I like all my students, even the ones who talk too much, but I don't have any attachments. bond with them and that is not the experience that people who are grieving have. The widow of a dear colleague who died told me, you know, I feel like he's going to walk through the door again, he feels like maybe he's gone on a trip. It takes a lot of time and, more importantly, a lot of experiences before we can predict its absence more often than its presence, so if there is an attachment bond, then it means that there will be pain, whether it is the pain of death of your mother or the death of your spouse.
I'm thinking of an example: When we have that death, when we have that experience, our brain is also wired to transform our relationship with our deceased loved one through something that psychologists call continuing attachments. continued bonds mean we are still in communication with that person. I don't know if voles actually talk to each other when they've been separated, but I know from research in our lab that it's very common for humans to do this. I'm thinking about the example of the woman. who on her way home from work felt like her late husband was playing the specific songs that were playing on the radio specifically for her or another woman who told me she felt like her husband was giving her the words to say later of her death when she was having a conversation with her son because he should have been the one there having that conversation our neurobiology of attachment allows for continued attachments it also allows us to connect with living loved ones and perhaps even form new attachments an older man to whom interviewed for a research study He told me that he had fallen in love with his high school girlfriend, they had two children.
I think there was a fence somewhere and then he told me that she had gotten sick and cried when he told me that he had taken care of her. and that she had died, he told me that he had recently gone to dinner with another woman, a woman who he thought was very different from his wife, who brought out different parts of his personality, but who felt very energized when had dinner with her and you know he told me something that I will never forget, he said he was very good then and he is very good now and that to me is what our brain allows so if we have this bond then we know that we are we are going to have pain and we also know that our brain can help us through that experience understand what life is like now so that we can find ways to reconnect and create meaningful activity in our lives.

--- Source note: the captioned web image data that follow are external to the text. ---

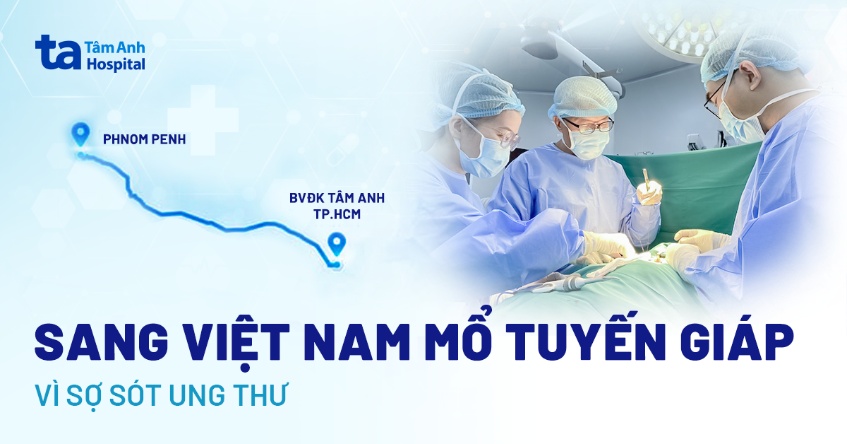 Sang Việt Nam mổ tuyến giáp do sợ sót tế bào ung thư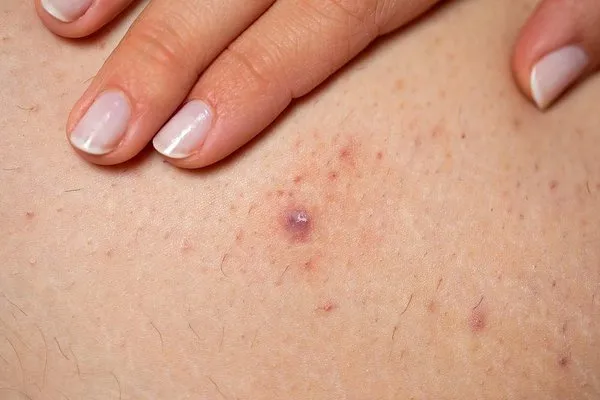 16. All the Symptoms of Stomach Cancer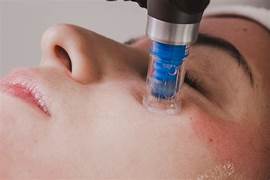 Microneedling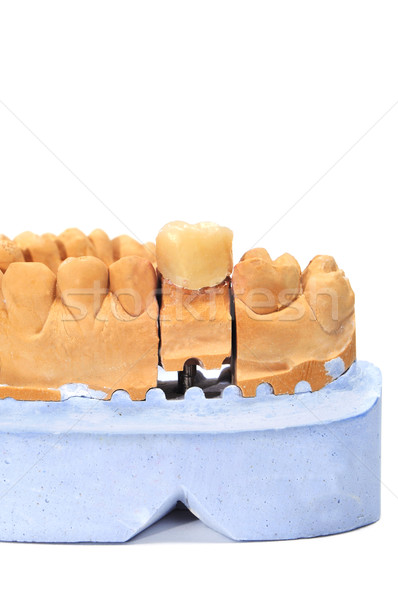 Diş protez beyaz mavi Stok fotoğraf © nito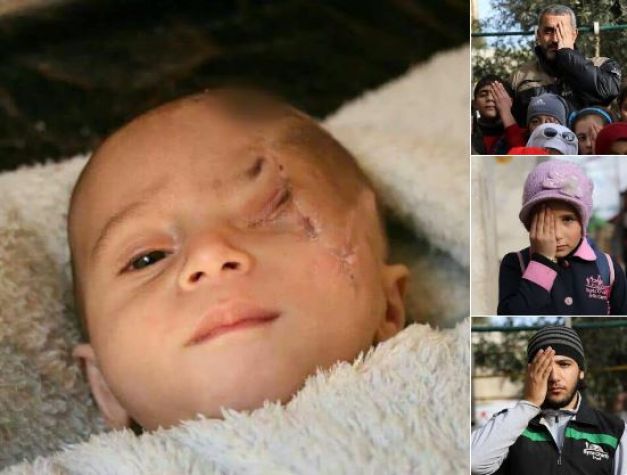 Siria: Un bebeluş care şi-a pierdut un ochi într-un bombardament al forţelor lui Assad devine un simbol pe Internet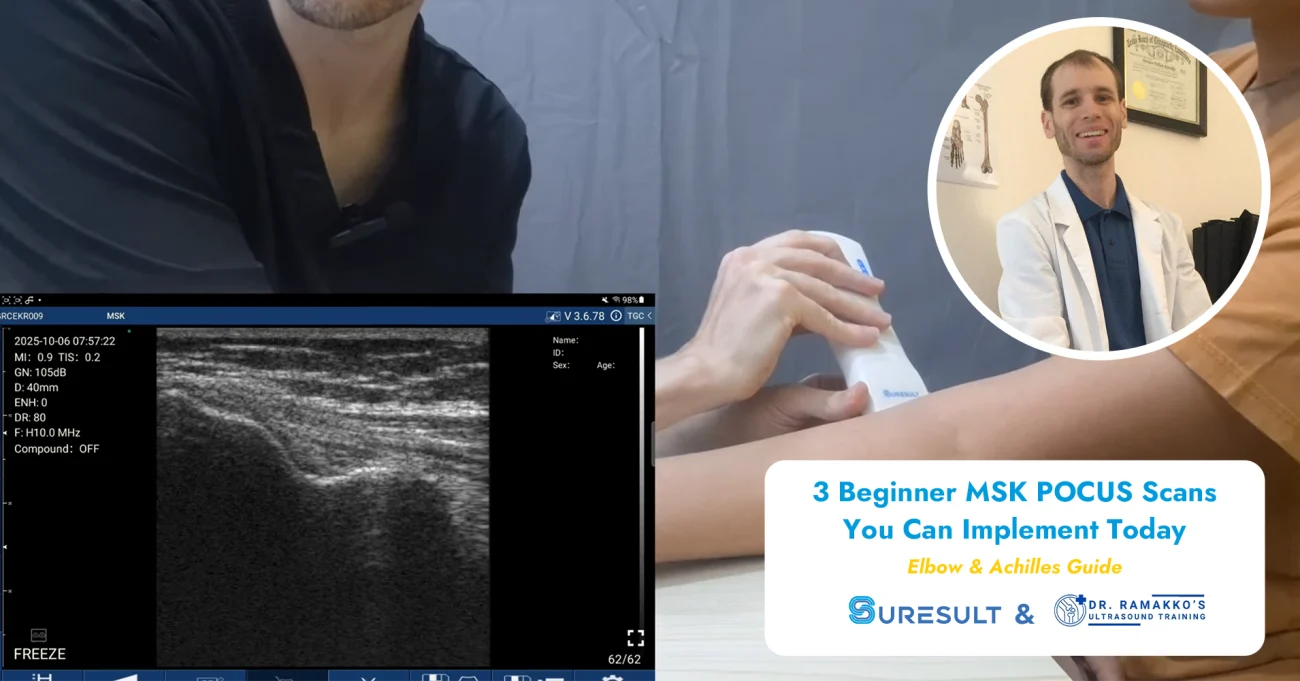 3 beginner msk pocus scans elbow achilles guide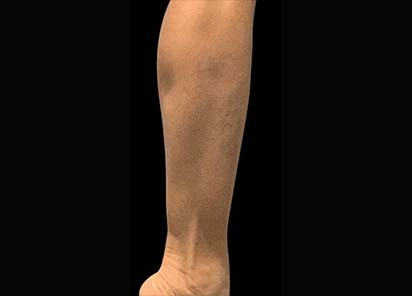 Emsculpt_PIC_087-Before-calves-female-Reminder-Saluja-MD_412x296px_1602658340_original_New_1713443311_original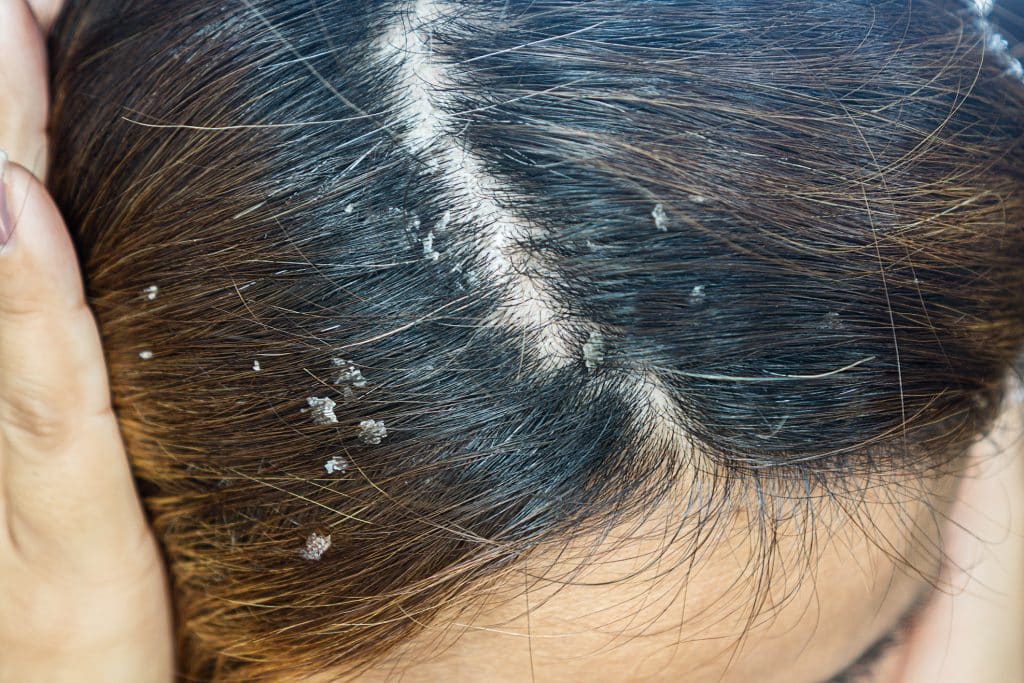scalp psoriasis shampoo,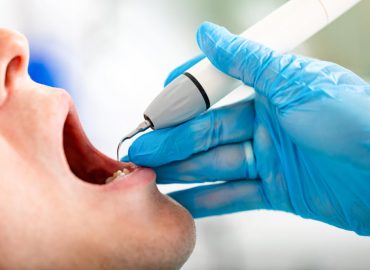 Zašto je važno skidanje zubnog kamenca - Zdravstvene posledice i prevencija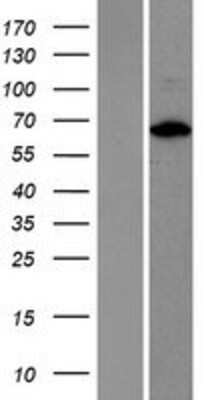 Western Blot: FIP1L1 Overexpression Lysate [NBP2-06165]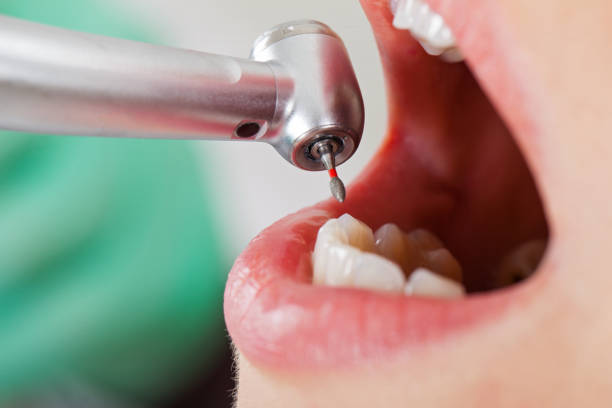 Best Emergency Root Canal Therapy in St Hedwig, TX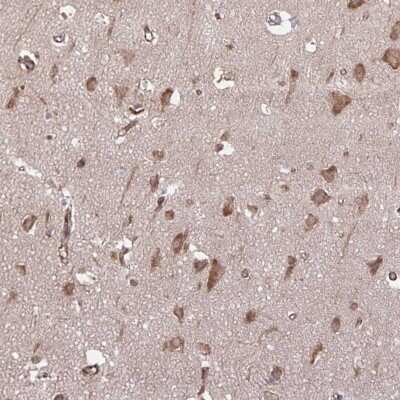 Immunohistochemistry: SEC62 Antibody [NBP2-38920]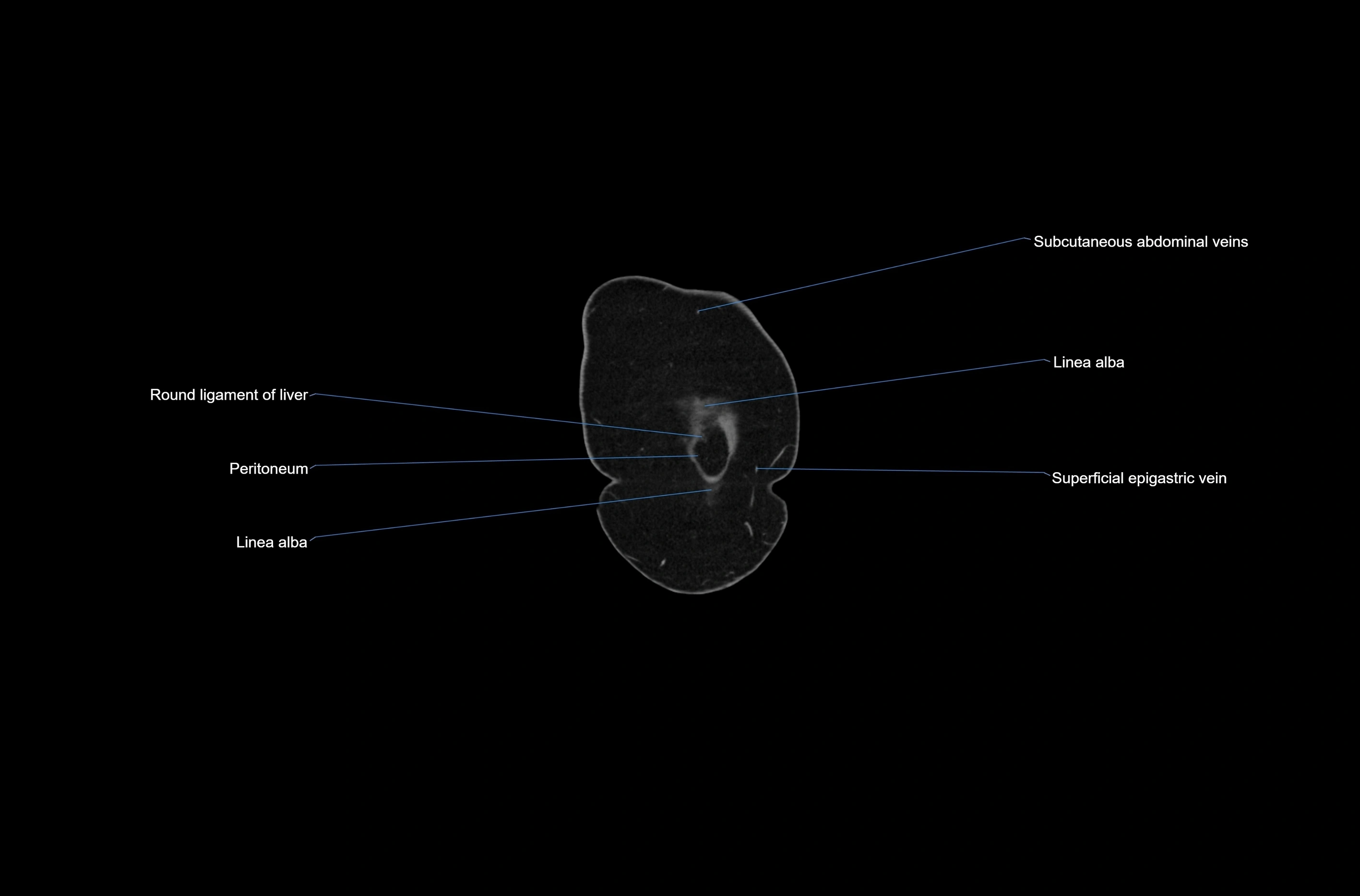 CT abdomen coronal cross sectional anatomy labelled radiology image-00003.webp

Neuroscience is not the common way people think. grief and grief, but neuroscience really is the conversation of our times and I think the most important thing is that we keep talking about grief. I think it is important that I share my grief experience with you and ask you about your grief experience. how do we really understand what grieving is like if grieving can be considered a form of learning then it really doesn't matter how long grieving takes because learning never ends we know that we are going to feel the absence of our loved one as real as the absence of a dining table, this is ingrained in us from the epigenetics of evolution from powerful chemicals like oxytocin and our brain is also able to divert our attention to the present moment and the present moment is full of possibilities, the present can be full of pain and suffering, but it is also the only place where we can experience love and joy, it is the only place where we can notice the barista's really sweet smile for no apparent reason or the puppy running through the park just doing what he does.
The brain is there to help us understand what is happening, what our life is like now, to enable continued bonds, to help us connect with loved ones who live with love, and to restore us to a meaningful life, thank you.